5 comments

  • jaffa2 1 hour ago
    > Where I had control, I made changes. Unnecessary labels removed. Accurate alt text added — not filed-in-for-compliance alt text, actually descriptive alt text. The heading structure was cleaned up where I could reach it. For this project's SharePoint tracking page, I rerouted entirely: instead of asking users to fight through the noise, the system now sends an email update at every stage of the approval.

    seems to be the only bit of text that actually details anything that was done. I would liked to have read about the actual changes and steps taken to improve accessibility instead of some kind of low key rant about MS

  • Planktonne 1 hour ago
    > revealed invisible

    Interesting that the language of sight is so prevalent that it appears in this very title twice.

    Echoing other comments, this would be a stronger article if it went into more specifics, but the AI voice precludes that meaningfully.

    • thaumasiotes 6 minutes ago
      > Interesting that the language of sight is so prevalent that it appears in this very title twice.

      Well, it appears once in "invisible", and once in "blind"... but I don't see why "blind" is a surprise when talking about someone blind.

      There is no reference to sight in "reveal".

  • Tepix 1 hour ago
    While the content was interesting, the AI-slop-stench was repelling.

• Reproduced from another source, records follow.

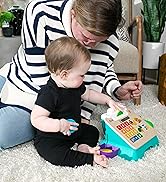 Baby Einstein + Hape Magic Touch Toy Cash Register Pretend to Check Out Toy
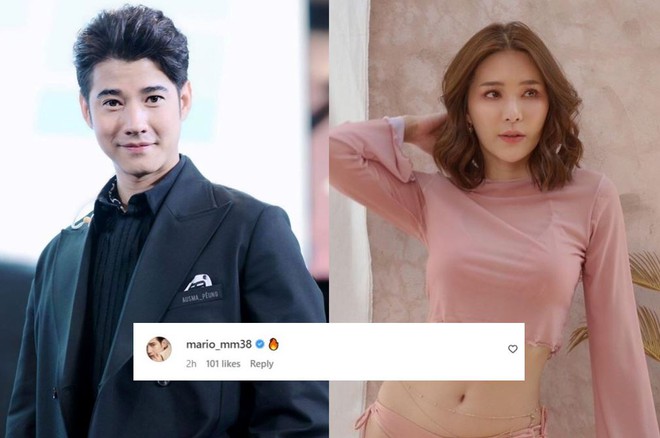 Mario Maurer có động thái bất ngờ khi bạn gái khoe ảnh quyến rũ - Ảnh 2.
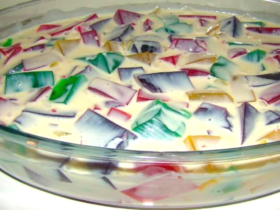 Arco-Íris Gelado: A Receita Perfeita para Surpreender nas Festas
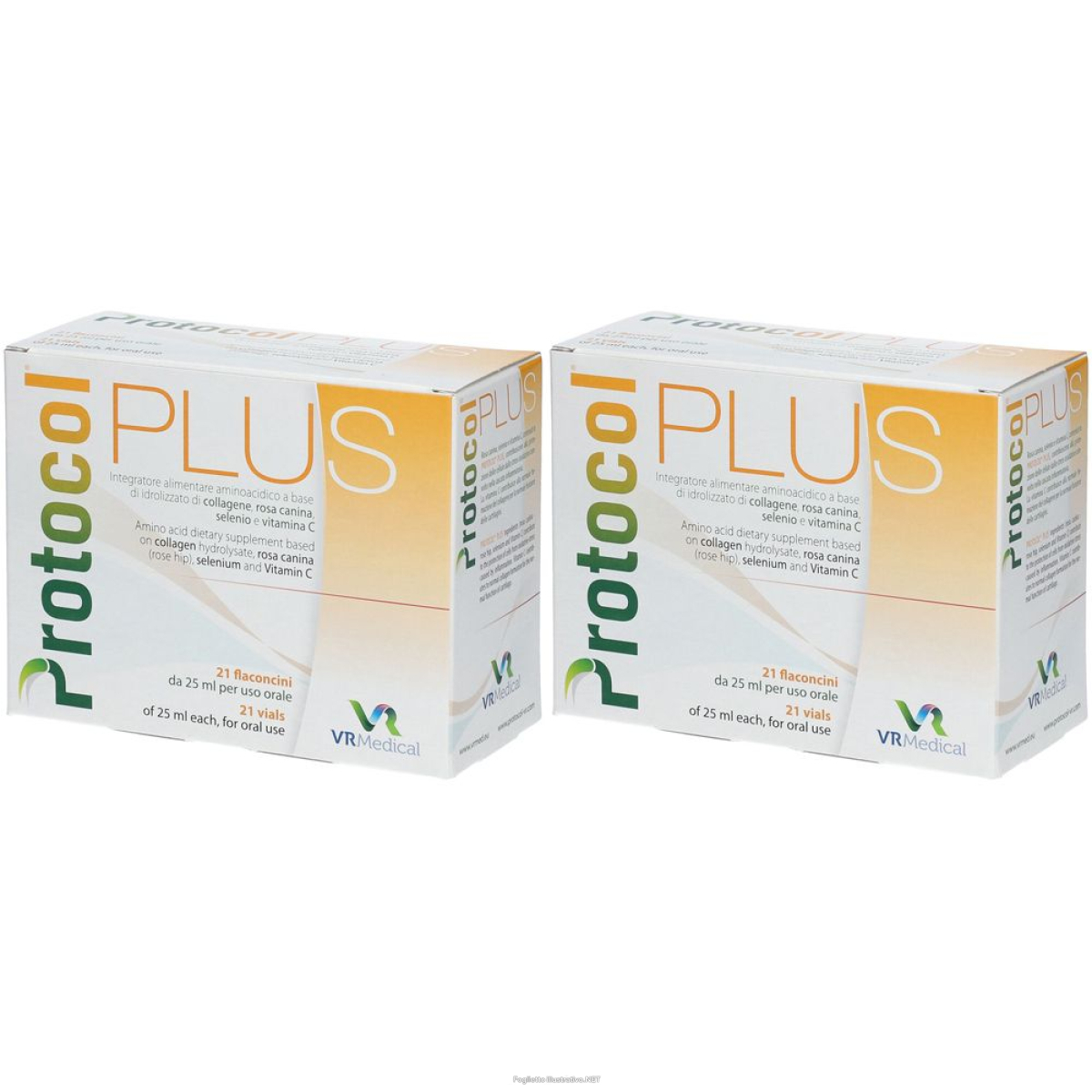 Cerca Offerte di protocol® plus set da 2 2x21x25 ml flaconcini bevibili e acquista online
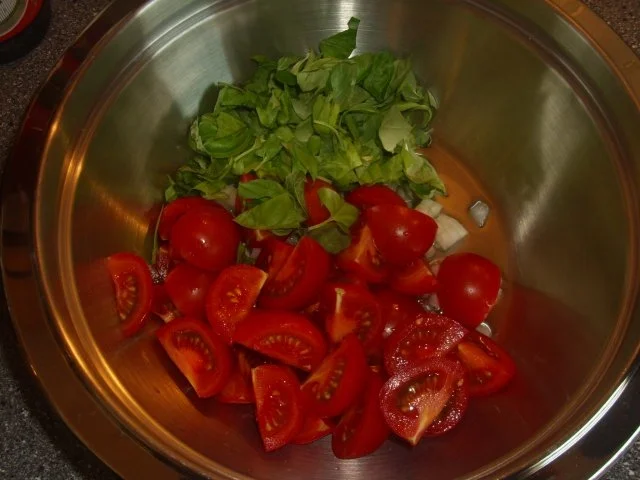 Tomatensalat - Rezept - Bild Nr. 3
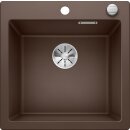BLANCO PLEON 5, SILGRANIT® PuraDur®, cafe, mit...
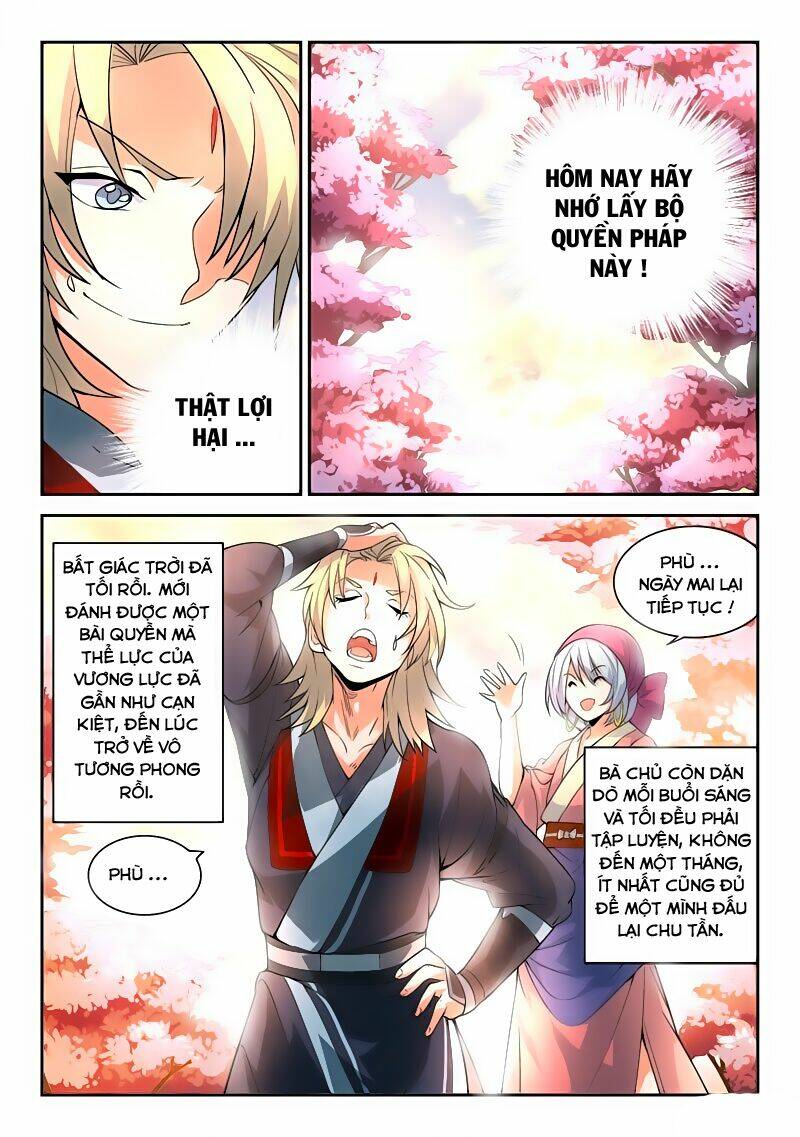 trước kia có tòa linh kiếm sơn chapter 30 7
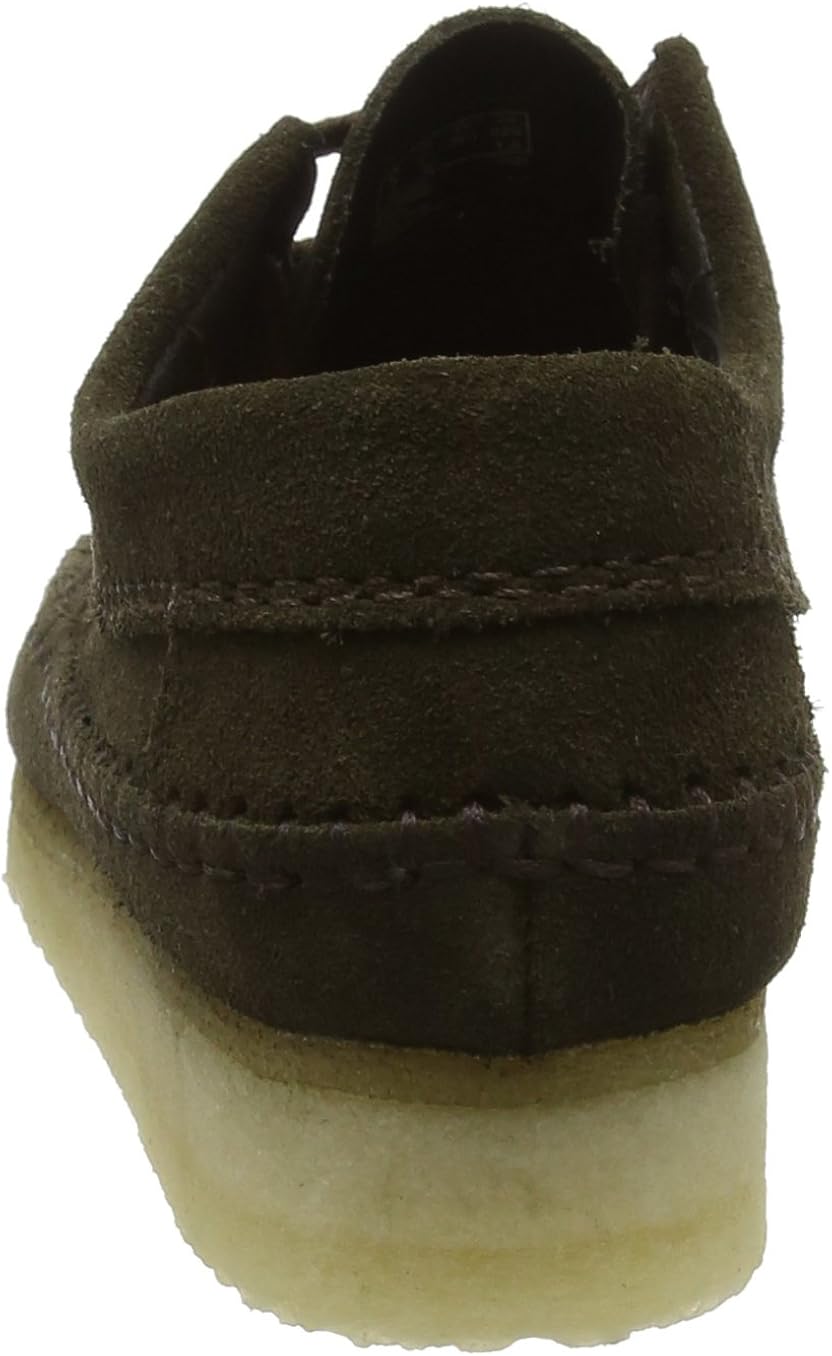 clarks weaver olive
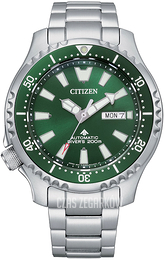 Citizen Promaster Zielony/Stal Ø44 mm NY0131-81X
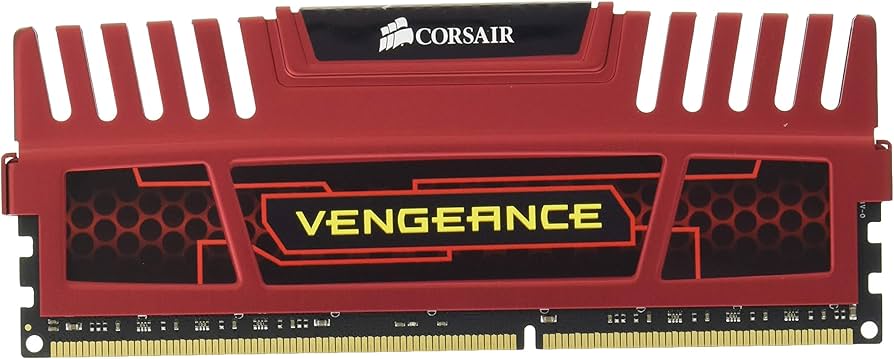 Corsair Vengeance Red 16GB (2x8GB) DDR3 1600 MHz (PC3 12800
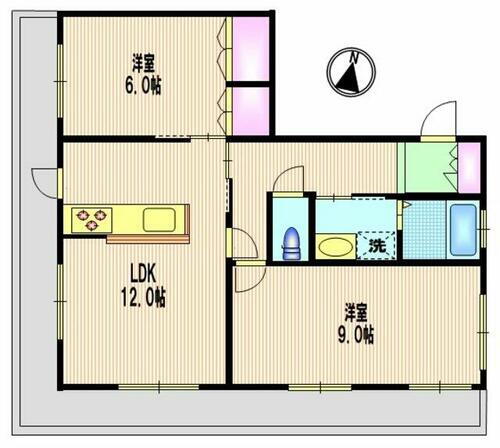 東京都世田谷区弦巻２丁目 桜新町駅 2LDK マンション 賃貸物件詳細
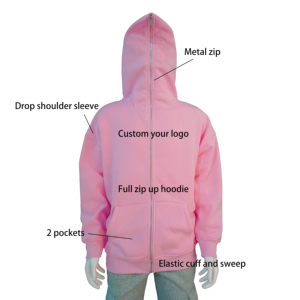 Ensembles deux pièces personnalisés OEM pour hommes : Sweat à capuche zippé intégral et pantalon cargo empilé – Tenue de sport streetwear pour homme - Product Image 6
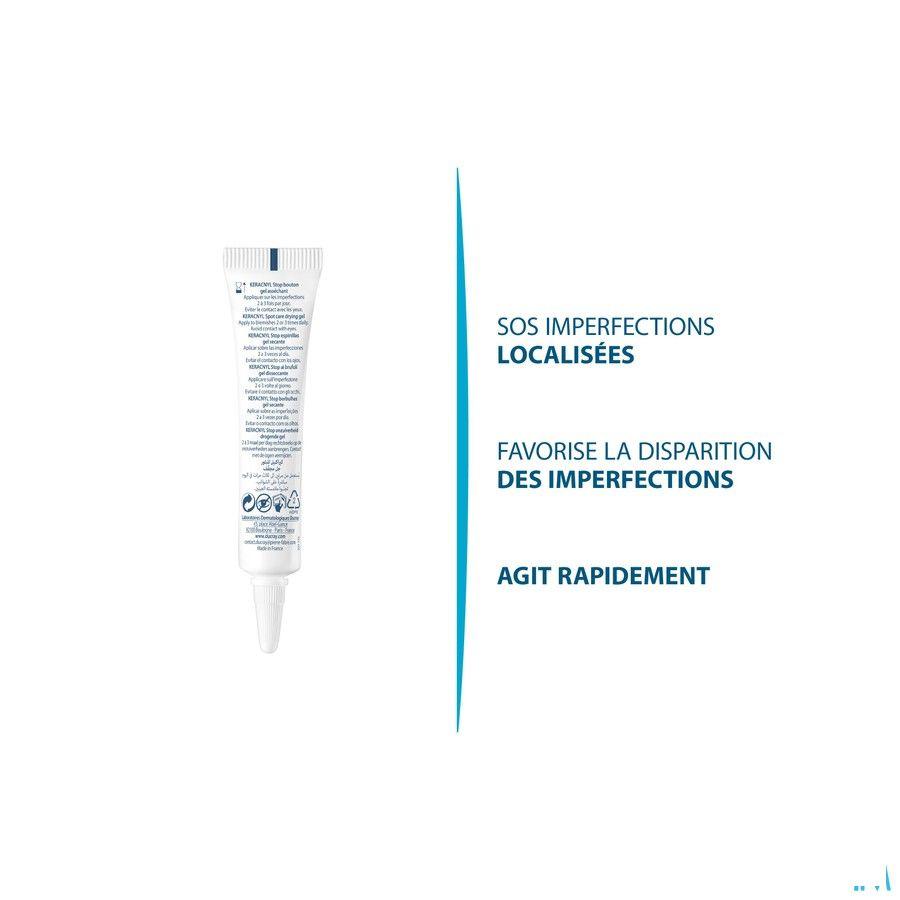 Ducray Keracnyl Stop Bouton 10  ml Nf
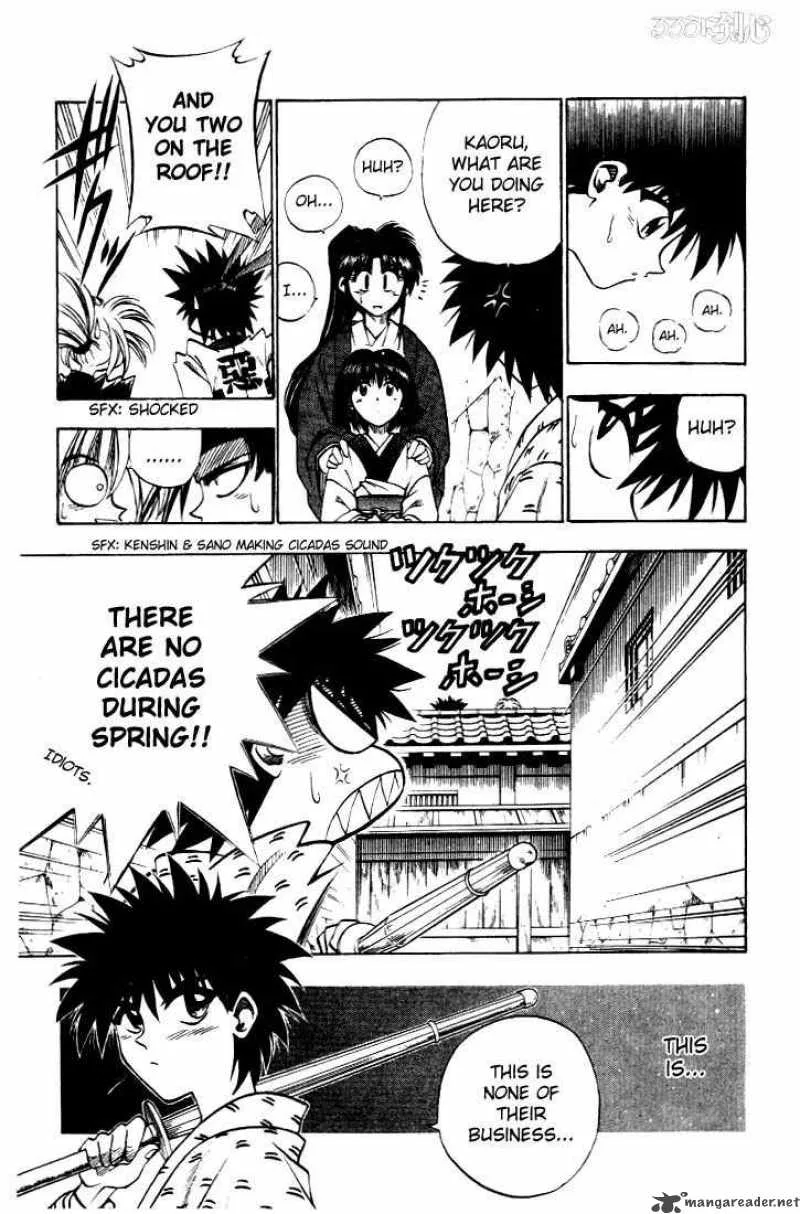 Rurouni Kenshin Chapter 33 page 17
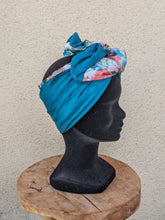 Charger l'image dans la galerie, Turban Flex turquoise
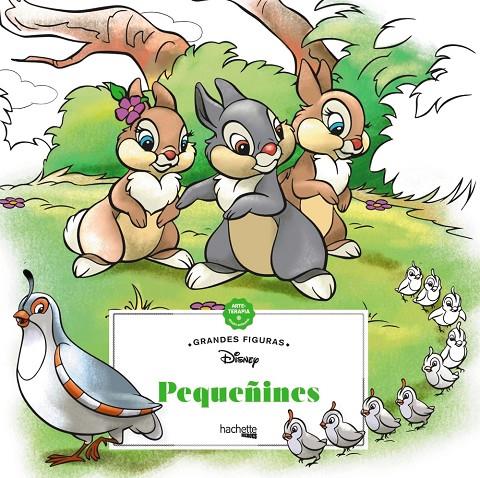 GRANDES FIGURAS : PEQUEÑINES DISNEY | 9788419316295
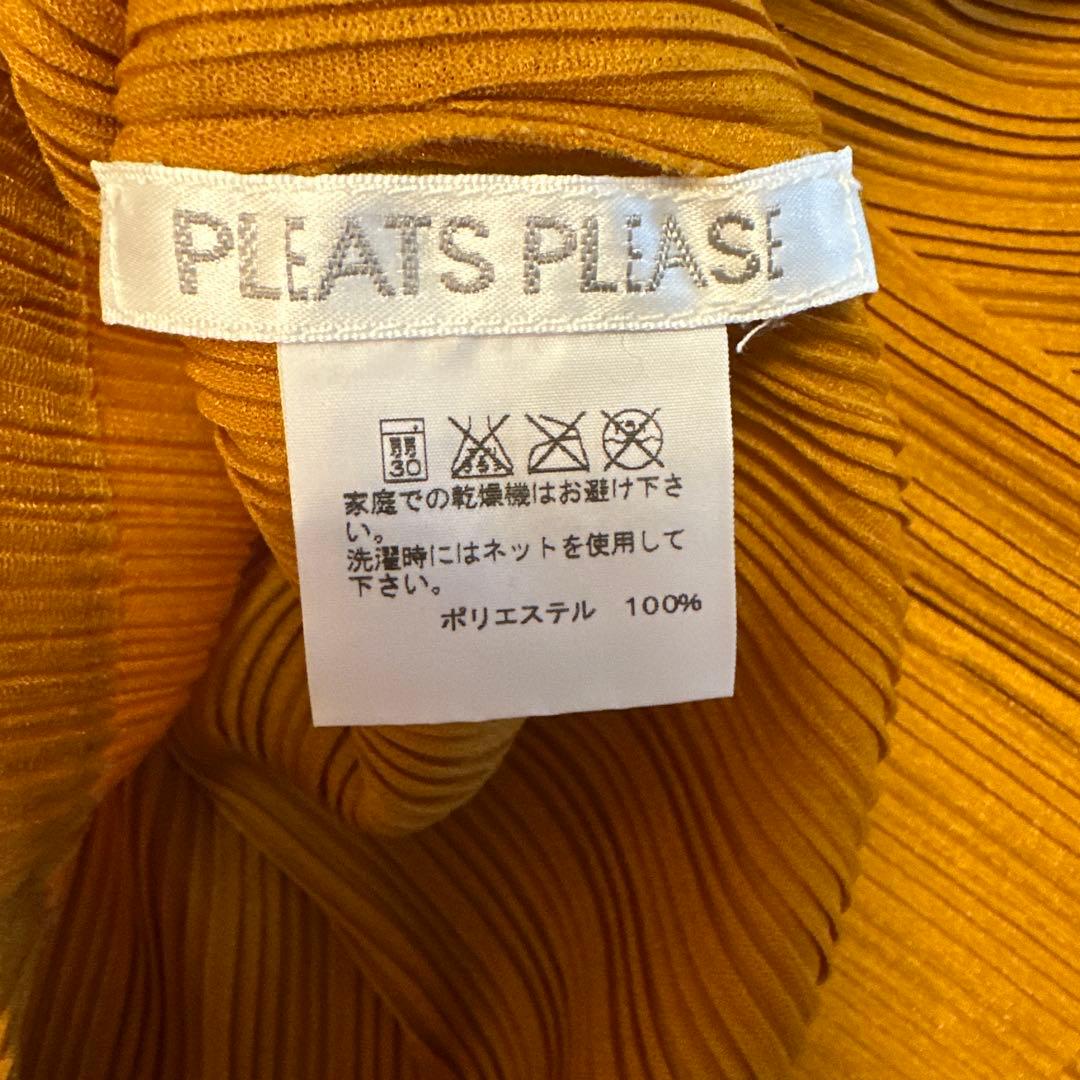 PLEATS PLEASE ISSEY MIYAKE プリーツトップス サイズＬ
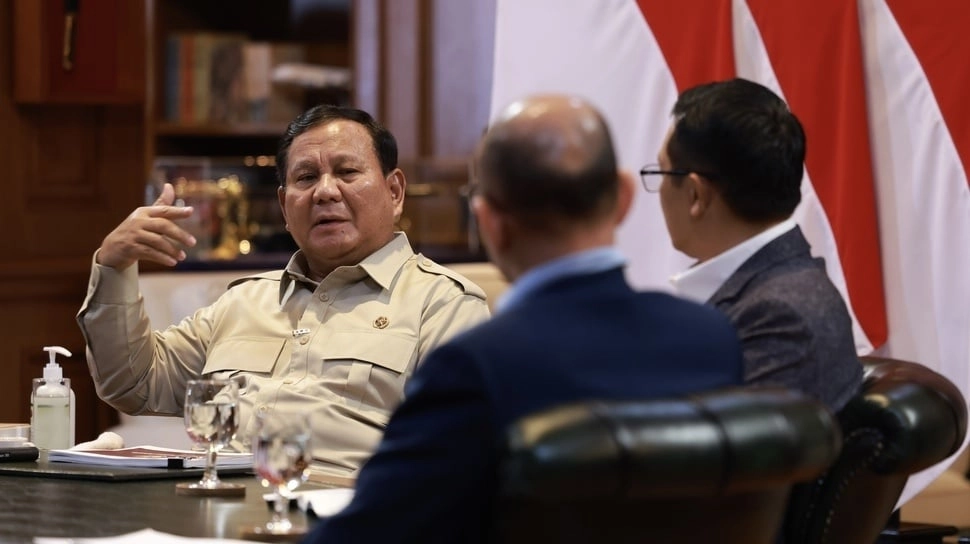 Prabowo: Lebih Baik Uang untuk Makan Rakyat daripada Dikorupsi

    Talking about AI (sorry!), perhaps an AI assisted screen reader could remove repetitive elements (it appends "(read only)" to every. single. field.) in a smart fashion? Does this already exist?

    We're seeing AI being used to improve a11y in quite a few places: (Live) transcripts for video conferences, image to text (VQA, visual question answering) etc.

  • edu 1 hour ago
    > It took 18 hours of work.

    So a couple of days plus a few hours. Seems reasonable.